The manuscript presents a thorough review of the literature concerning HMO concentrations in breast milk and how they change throughout the course of lactation. Additionally, it includes a more limited review of the association of individual subsets of HMOs with predictors such as maternal diet and health and with outcomes such as infant intestinal microbiota. Overall, the manuscript is well-written and informative. My only significant concern is that the authors give only cursory mention to the role of commercial interests in existing scientific research regarding HMOs, and seem to imply that a preponderance of commercially-funded research on a topic is somehow beneficial.

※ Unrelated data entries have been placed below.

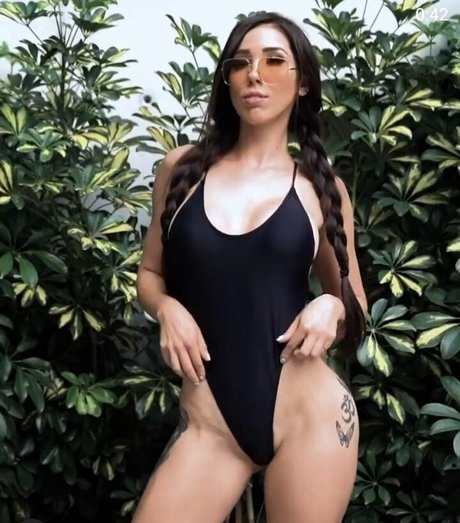 Danik Michell sex model image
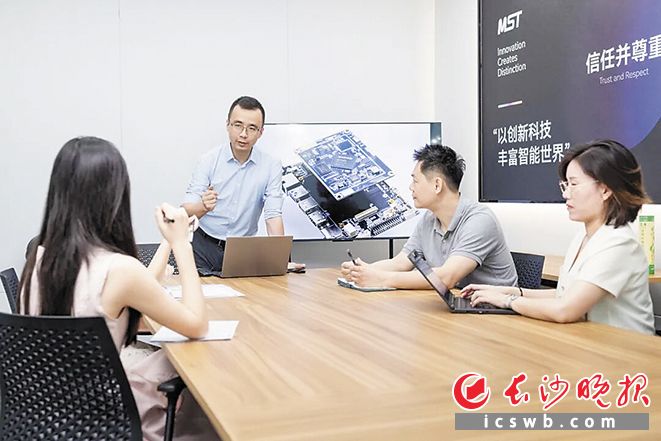 从需求确认到样品交付,仅用20天。随后,40000片工业显示屏订单落定,总额突破千万元人民币。企业供图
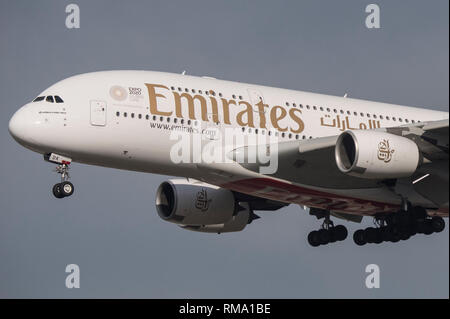 14. Februar 2019, Hessen, Frankfurt/Main: Ein Airbus A380 von Emirates Annäherung an den Flughafen. Nach Emirates die meisten seiner A-380 Bestellungen storniert, Airbus verkündete das frühe Ende der riesigen Flugzeuge. Foto: Boris Roessler/dpa Stockfoto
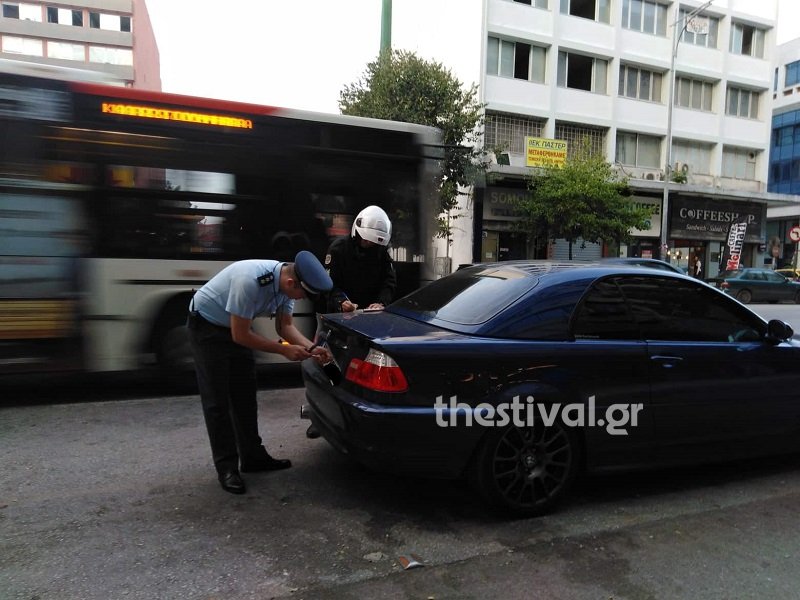 Κοινή επιχείρηση για την απομάκρυνση παράνομα παρκαρισμένων αυτοκινήτων
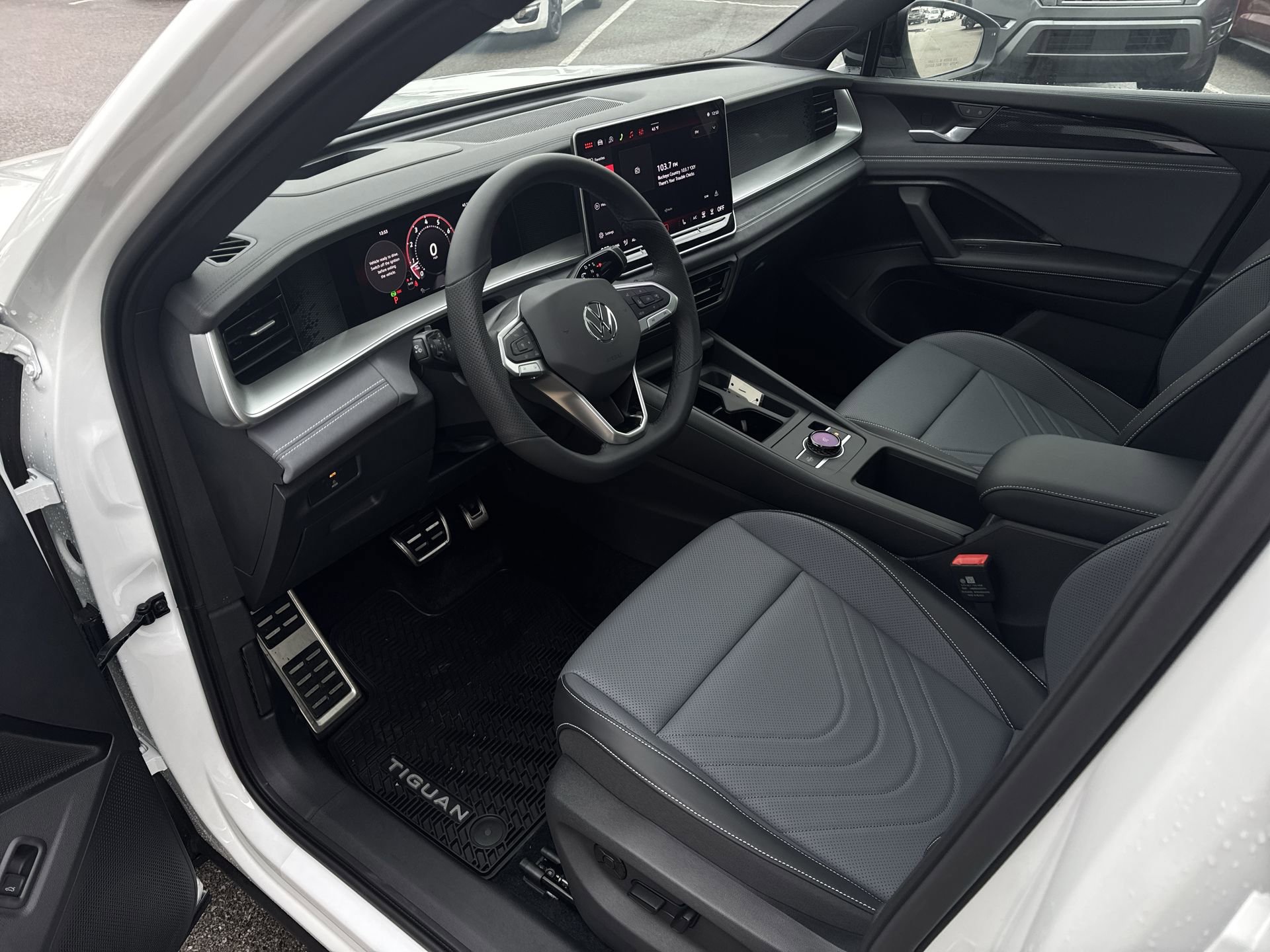 2026 Volkswagen Tiguan SE R-LINE BLACK - Photo 10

In fact, the preponderance of commercially-funded research regarding HMOs, especially with respect to supplementation of infant formula, has the potential to introduce significant bias to this area of science, and this should be identified clearly in any review of the topic. Other smaller concerns are listed below.

Major concern:

• As mentioned above, in page 2 lines 72-75, there is an implication that the preponderance of commercial funding is beneficial. The authors are to be commended for noting the preponderance of commercial funding in the manuscript. However, this should be accompanied by a discussion of the limitations introduced by a preponderance of commercial funding.

Minor comments:

• Lines 31-33 appear to be either a sentence fragment or with incorrect punctuation, so it is difficult to understand their meaning.
• Overall, my version of this manuscript contains the message “Error! Reference source not found” in multiple locations, often with an accompanying sentence fragment. I am therefore unable to understand some of the text and cannot comment on it.
• Table 3 is truncated in the version of the manuscript I received, so I am unable to comment on the left-hand columns which I cannot see.
• For Table 4, a justification should be given for including only data from secretor mothers or mothers with unknown secretory status (i.e., excluding mothers known to be nonsecretors), or alternatively data from nonsecretor mothers could be included.
• Some of the results in Table 4 overlap two or more rows (e.g. 3563 ±1920, 750 (0-1190), etc.) I am unsure whether this is intentional or erroneous. If erroneous, it should be corrected. If intentional, a footnote indicating the reason for it would be helpful.
• For Figure 2, it is unclear why the authors include only data previously compile by Thurl et al., which was published in 2017, and do not include subsequent data described in the review.

Author Response

Thank you for your time and comments.

Point-by-point comments attached.

Cheers

Caroline

Author Response File: Author Response.docx

Round 2

Reviewer 1 Report

see attachment

Comments for author File: Comments.pdf

Author Response

Thank you for your time to review this manuscript.